──────── STORED DATA ────────
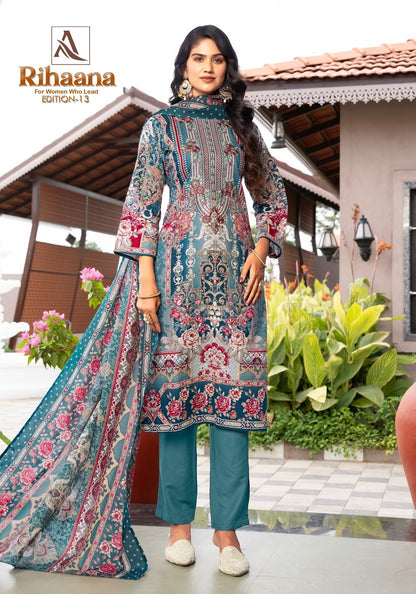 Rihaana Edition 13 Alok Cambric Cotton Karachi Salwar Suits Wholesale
────────
──────── STORED DATA ────────
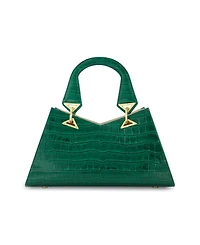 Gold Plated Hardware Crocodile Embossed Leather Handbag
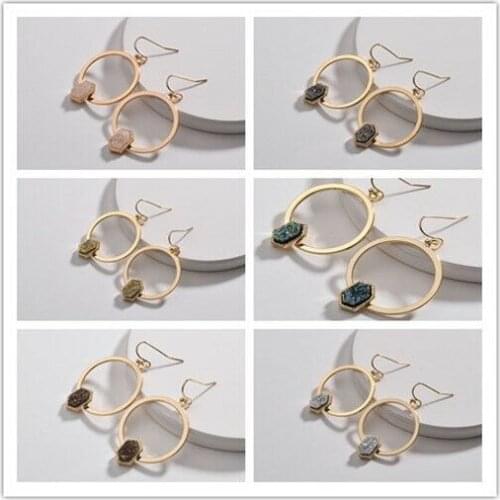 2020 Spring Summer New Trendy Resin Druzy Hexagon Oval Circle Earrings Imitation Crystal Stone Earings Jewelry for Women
────────
■ WHAT NEEDS TO BE DONE:
In the entries above, every line from the line with "Gold Plated Hardware" to the line with "2020 Spring Summer" is to be printed exactly, with both ends included and pictures excluded.

■ RESULT:
 Gold Plated Hardware Crocodile Embossed Leather Handbag
 2020 Spring Summer New Trendy Resin Druzy Hexagon Oval Circle Earrings Imitation Crystal Stone Earings Jewelry for Women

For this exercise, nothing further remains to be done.